TO DO: Below is a listing with pictures. Repeat exactly the lines starting at the one holding "Federation. Noun. 1." and going on through the one holding "Hello guys, this", and leave every picture out.

DATASET:
******************************

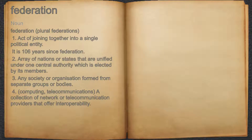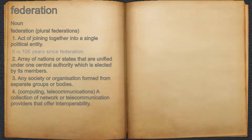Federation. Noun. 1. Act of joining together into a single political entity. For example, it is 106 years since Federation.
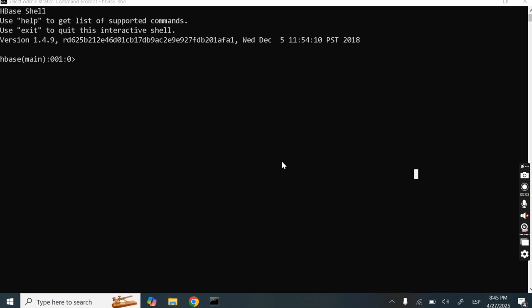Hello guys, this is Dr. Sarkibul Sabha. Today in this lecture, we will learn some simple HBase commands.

******************************

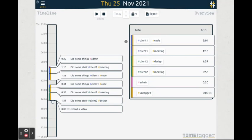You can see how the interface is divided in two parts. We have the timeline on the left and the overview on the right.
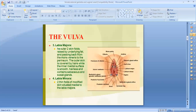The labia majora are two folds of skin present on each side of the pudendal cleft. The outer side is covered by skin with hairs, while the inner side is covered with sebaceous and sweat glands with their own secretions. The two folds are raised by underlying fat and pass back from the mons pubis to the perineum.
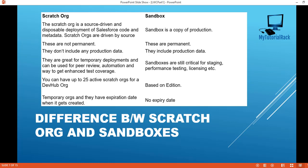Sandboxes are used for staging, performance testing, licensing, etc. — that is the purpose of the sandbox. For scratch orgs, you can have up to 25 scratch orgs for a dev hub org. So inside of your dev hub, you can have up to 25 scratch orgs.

******************************

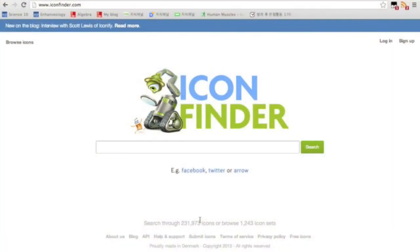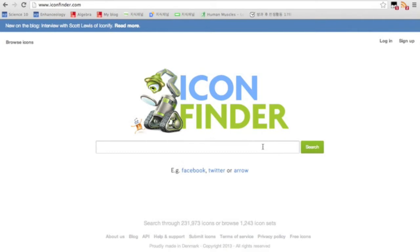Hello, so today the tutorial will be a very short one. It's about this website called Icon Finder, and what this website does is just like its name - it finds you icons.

******************************

RESULT:
Federation. Noun. 1. Act of joining together into a single political entity. For example, it is 106 years since Federation.
Hello guys, this is Dr. Sarkibul Sabha. Today in this lecture, we will learn some simple HBase commands.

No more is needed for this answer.